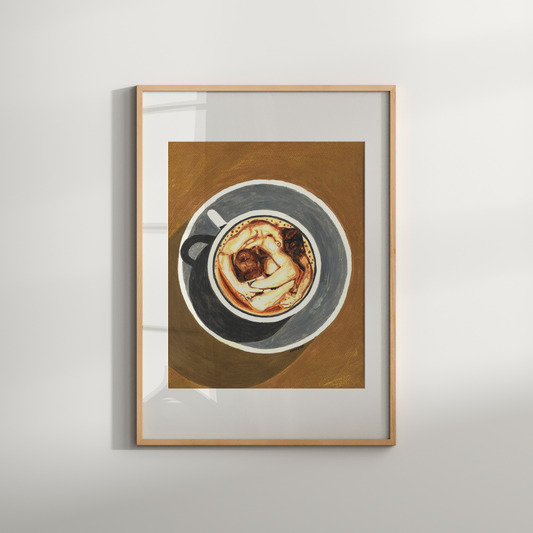 Framed artwork of a coffee cup on a wooden surface with a white background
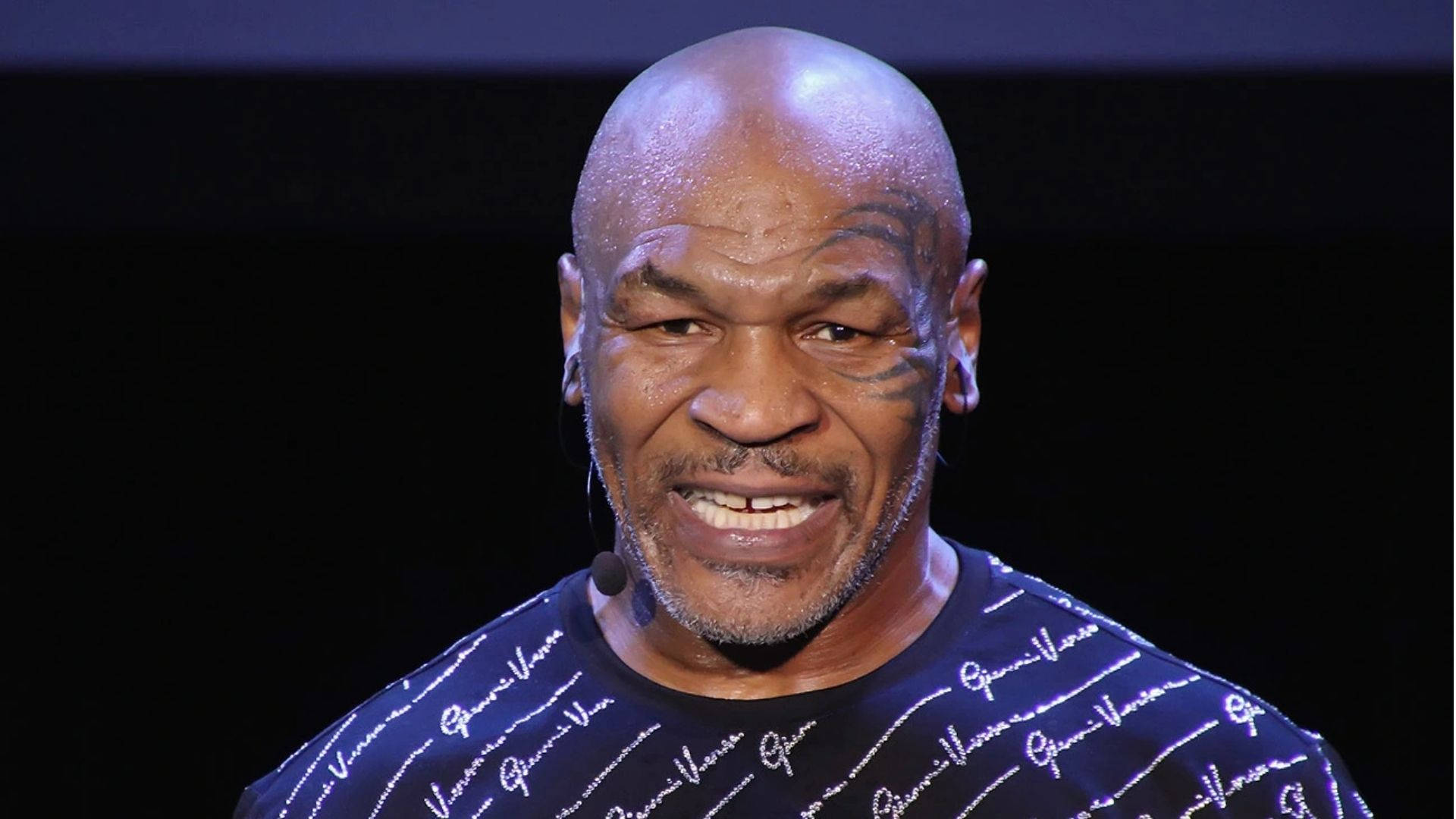 邁克·泰森 談話 壁紙 — Mike Tyson 在舞台上燦爛地笑著，穿著 Gucci 襯衫，在聚光燈下，背景為黑色。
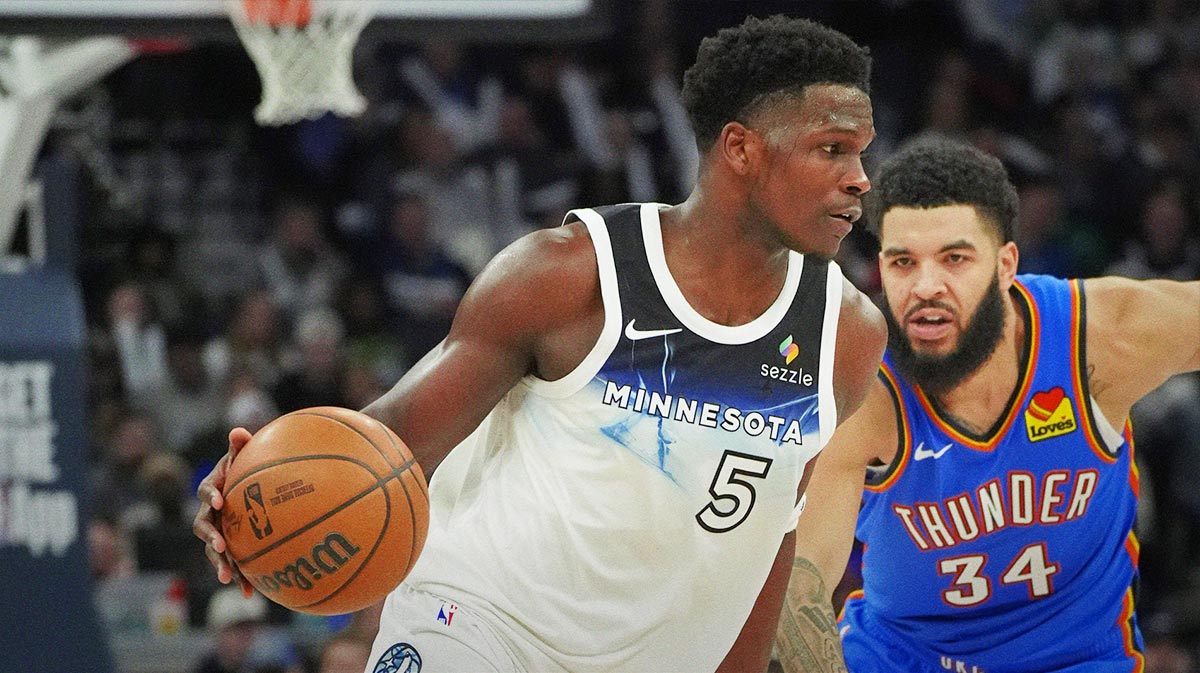 Minnesota Timberwolves guard Anthony Edwards (5) works past Oklahoma City Thunder guard Kenrich Williams (34) in the fourth quarter at Target Center. 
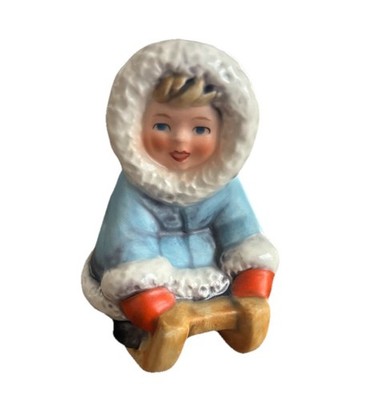 Goebel W. Germany Porcelain Figurine   Arctic Child on Sled, Hand-Painted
# # # #
The lines from the one holding "Minnesota Timberwolves guard" through the end of the material above are to be echoed exactly, both ends included. Do not include pictures.

 Minnesota Timberwolves guard Anthony Edwards (5) works past Oklahoma City Thunder guard Kenrich Williams (34) in the fourth quarter at Target Center. 
 Goebel W. Germany Porcelain Figurine   Arctic Child on Sled, Hand-Painted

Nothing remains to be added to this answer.